I reached up and placed my hand at the back of his neck and pulled his face down level with mine. "No time? Poor baby. We'll have to stop seeing each other after work to free you up."

"I'll call the recruitment agency."

"Thought you might." I let go and he straightened. Since he was in an accommodating mood, it seemed like a good time to tell him my first job as an official P.I. hadn't gone exactly as planned. Then again, he didn't need to know the details, just the outcome.

***

The next day, Faith arrived on Knight Investigations' doorstep and announced Will had hired her as the new office manager.

Um, excuse me, when was I going to be told?

I quickly got over my annoyance at being left out of the loop—or is it just a line when there's only two people?—when I remembered she was taking over the crap part of my job. I embraced her.

"Welcome to Knight's!"

She reacted like a mistreated puppy, recoiling and jumping out of my reach. "Is Will Knight here?"

"He's out."

"Oh." Her thin shoulders drooped. Everything about Faith MacIntosh was thin and kind of loose. Her long limbs hung aimlessly at her sides and her dark brown hair fell straight, past her hollow cheeks, to her shoulders.

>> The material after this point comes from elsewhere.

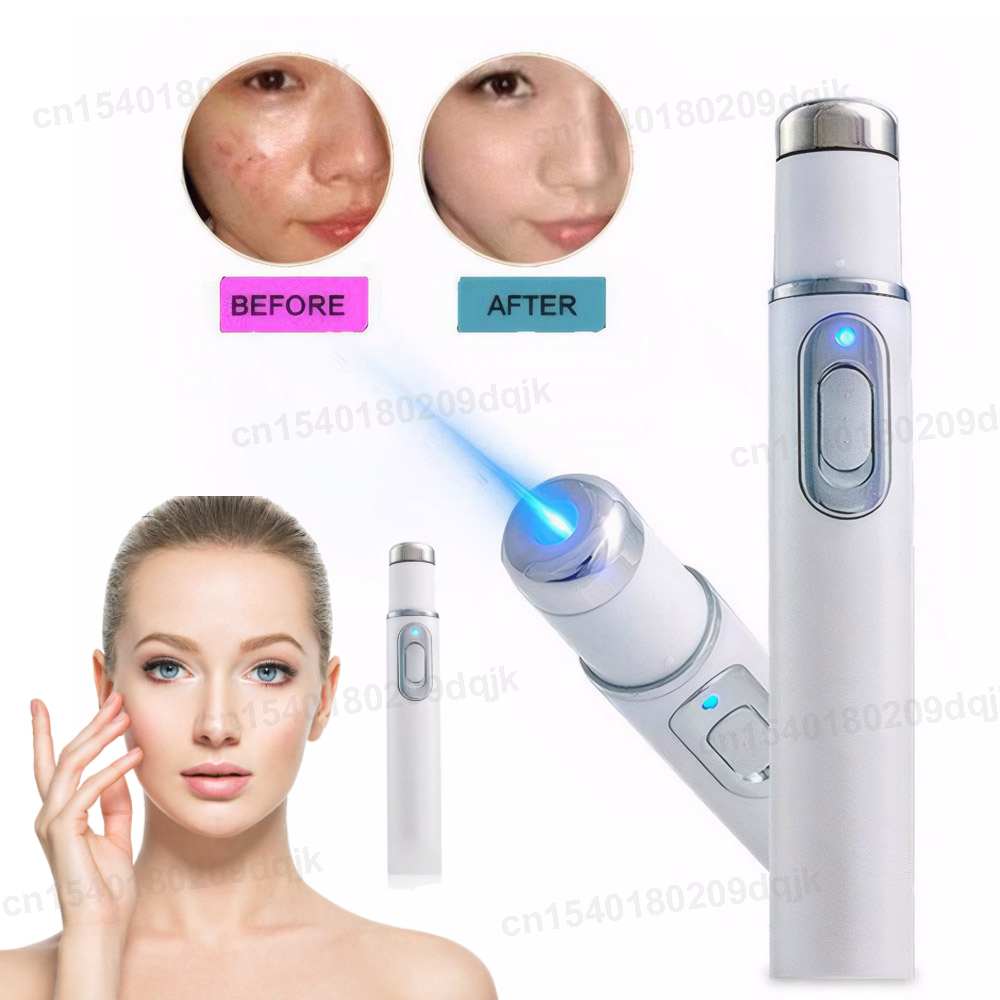 Acne Light Therapy Pen - Mavi Işık Terapisi Akne Kalem LED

Even her clothes—black pants and a white blouse—didn't fit her properly and billowed in the summer breeze drifting through the open front door.

It was difficult to determine her age, because she kept her head bowed and wouldn't maintain eye contact. I couldn't decide if she was an undernourished, timid forty-year-old or a prematurely aging twenty-something. Reality was probably somewhere in between.